So, I decided to jot down some of the literal translations for the “code” that food manufacturers use in their attempts to make us buy.
“FREE” DOES NOT MEAN NONE!
Neither does “zero...”, “contains no...” or “without...”. It means it has a “negligible amount” according to whatever Big Food has worked out with policy makers (Canadian Food Inspection Agency - Canada’s version of the FDA).
Non- or –free. Must have less than the following per serving: fat (0.5 gram), sugar (0.5 gram), cholesterol (2mg), sodium (5mg) or calories (5 calories).
“Reduced” IS RELATIVE.
Reduced. Generally, the product must have at least 25% less of the given component (calories, fat, saturated fat, cholesterol, sugar, or sodium) than is typically found in that type of food. Synonymous with “less...”, “lower...”, “fewer...”.
Apart from being used to describe things like the color or texture of a food, for example "light brown sugar" or "light and fluffy” (as long as the label explains this (insert uproarious laughter here), this term indicates that a product has been changed to have ½ of the fat or ⅓ fewer calories than the regular product; or that the sodium has been cut by 50% (as in “Lightly Salted”)
THE “LOW” DOWN
Low Fat. Fat is a tricky one to monitor as there are “good fats” and “bad fats” (far beyond the scope of this blog), but as a rule when you see the term “low fat” it means that there is 3 grams or less of fat per serving.
Low Calorie.

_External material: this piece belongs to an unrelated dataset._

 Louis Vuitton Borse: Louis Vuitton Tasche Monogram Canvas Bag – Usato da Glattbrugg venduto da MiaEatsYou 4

Means that a product contains 40% less calories than the regular version.
Low Sodium. Means that a product’s original sodium content is so high that to lure in the unsuspecting consumer, food manufacturers will label it “Low Sodium”. Foods labelled such will have 140 mg of sodium or less in each serving, or for a pre-packaged meal (who defines this?) there’s 140 mg sodium or less in 100 grams of food. “Very low sodium” means there’s 35 mg or less in a serving.
Not to insult anyone’s intelligence, but "multi" simply means more than one. A product bearing this label can be made with many types of nutritious grains, such as oats and bran. But it can also stay true to its claims and be loaded with sugar, salt, and trans-fats, like many "multi-grain" muffins and cookies you find in coffee shops. And the grains these products contain may not be present in their whole-grain form, which is the most nutritious way to consume grains.

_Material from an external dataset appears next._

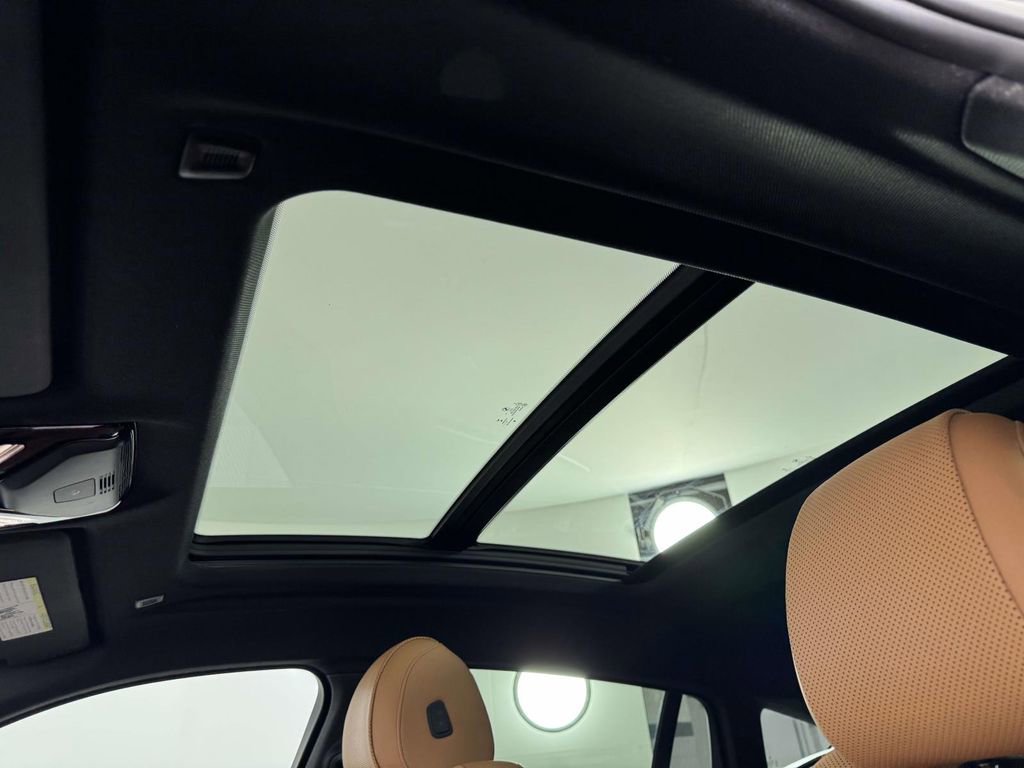 Used 2023 BMW X6 xDrive40i image 32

"Made with Whole Grains" is another label we see frequently since recent dietary recommendations include consuming more whole grains. Big Food loves a good marketing opportunity so milks this claim by adding small doses of whole grains to their product (preceded by enriched flour and sugar midway down a list of ingredients but just after water).
If you thought that organic meant pesticide-free, you might be surprised to find that's not necessarily true. Canadian regulations prohibit the use of synthetic pesticides and fertilizers but allow the use of some natural pesticides to curtail pest problems but the prevalence of pesticides in our environment keeps any crop from being declared totally free of synthetic chemicals.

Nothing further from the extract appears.